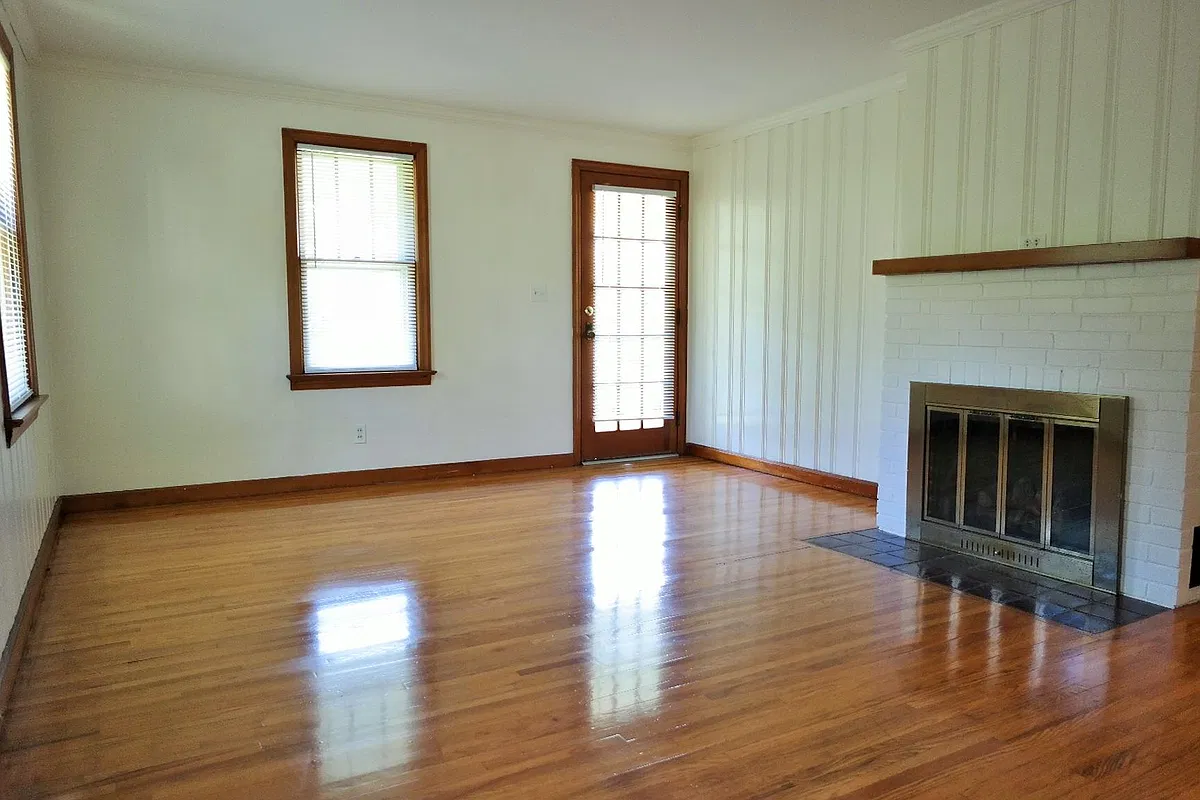 Building Photo - 1647 S Edgewood Ave #1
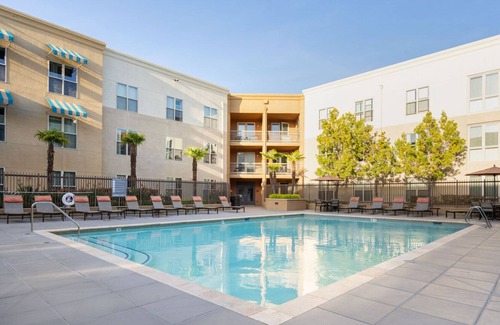 Contra Costa Centre Apartment | Sleek Walnut Creek 1BR w/ Gym, Pool & Spa, steps to BART, by Blueground
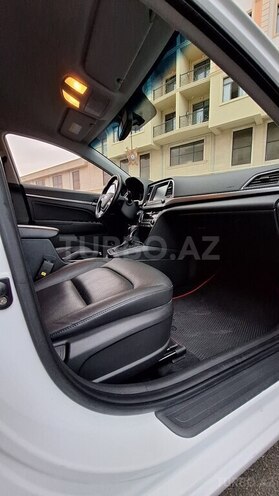 Hyundai Avante 2016, 104,500 km - 1.6 l - Bakı
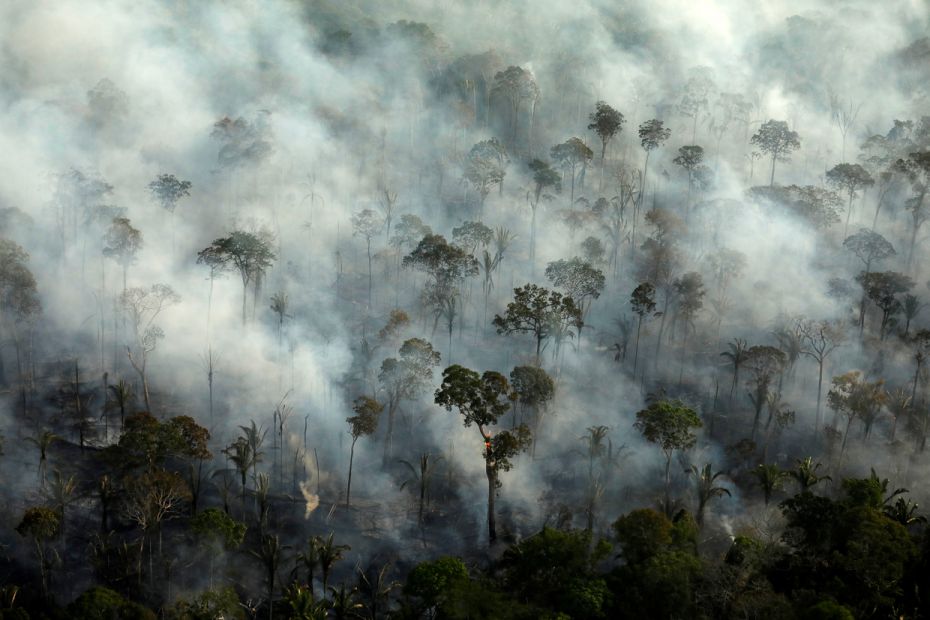 
Smoke billows from a fire in the Amazon rainforest, Rondonia State, Brazi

Task details:
Please output all the data exactly as given, with the pictures omitted.

Task output:
 Building Photo - 1647 S Edgewood Ave #1
 Contra Costa Centre Apartment | Sleek Walnut Creek 1BR w/ Gym, Pool & Spa, steps to BART, by Blueground
 Hyundai Avante 2016, 104,500 km - 1.6 l - Bakı
Smoke billows from a fire in the Amazon rainforest, Rondonia State, Brazi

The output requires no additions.